山崎はシレっとこたえた。 食えない男だ。
土方さんにパシられてるときの情けない印象はすっかり影を潜めている。 あの人の目が届かないところで、こいつがたまにこうゆう顔をするのを思い出した。 これがこの男の本質なのだろう。
こういう性質の男は嫌いでない。 底の知れないものと対峙するのは好きだ。 ただ気に入らないのは、奴が土方さんの前で猫をかぶってる事。

「でも沖田さん」

土方さんは何かってぇとこの男を呼ぶ。 今も山崎は左手にビニール袋を下げていて、中身は煙草とマヨネーズだ。

「たまにあんたから、普段は発しないようなねちっこい殺意を感じますよ」

おい山崎、煙草とマヨネーズ買って来い。いつものだぞ。 ちゃんといつもの買って来いよ。
とかなんとか。
その姿を、その声を、その口や喉の動きを想像するのは俺にとってそう難しい事ではない。

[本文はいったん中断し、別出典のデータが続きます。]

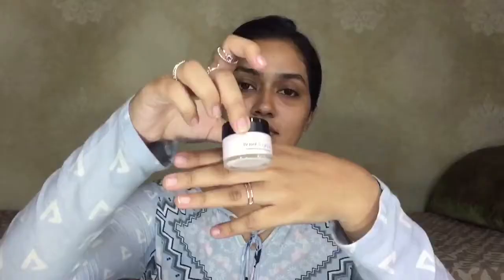First, I used the Clinique Moisturizer and I just worked it into the skin. The primer that I'm using today is the L'Oreal Magic Primer. This will give the skin a blurring effect and the foundation will go on just a little bit more smoothly.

「なんで沖田さんが、俺なんか殺したがるんでしょうね」

確信犯の笑みで俺の顔を覗き込む。
なんて嫌な男だろう。
少し前まで、俺はあの人の煙草の銘柄を知らなかった。 あの人の煙草の匂いはわかっていたけれど、名前なんかには疎かった。 ある日ふとそれに気付いてしまった。
あの人は「いつもの煙草」としか言わない。 山崎は「わかりました」とだけ答える。 そしていつも同じ煙草をカートンで買ってきて、あの人に手渡す。 もはやパターン化された繰り返される一連の動き。
俺の知らない事を、この男は当たり前に知っていた。 他にももっと、俺の知らないあの人をこの男は知っている。 その事実に気付いたとき、俺は草食動物の顔であの人の傍らを自然に埋めるこの男を殺してやろうと思った。 近藤さんが好きだからできないけれど、でもこの男を殺してやろうと思った。

「ねぇ沖田さん、あんな人のどこがいいんですか」

あんなののどこがいいんだろう。 あんな短気で口が悪くてモク中でマヨネーズ依存で目つきが悪くて人の気持ちにこれっぽっちも気付かないような鈍い男のどこがいいんだろう。

「おめぇこそ」

それがわかりゃあ苦労はしないだろ?

「あんなののどこがいいんでぃ」

俺がそう言うと、山崎は声を上げて笑った。 俺を笑ってやがるのかと思って本当に斬ってやろうかと思ったが、よくよく表情を見ればなんだかそれは自嘲に似ていた。 無理矢理に口角を上げた、この男には似合わない歪な顔。

「あんたも大概鈍い人ですね」

真意を伝える気のない喋り方だった。 だけどどこか真意を汲んで欲しがっているようにも感じたが、俺はそこまで親切じゃあない。
山崎は手の届かないものを見る目で俺をじっと見つめる。 こいつは、俺の向こうに何を見ているのか。 俺の中に誰を見ているのか。

「あんたは酷い人だ」

ふたたびポツリと山崎が言った。 やはり意図は汲めない。

「鬼じゃねぇだけマシだろぃ」

適当な俺の言葉に、山崎は少し笑った。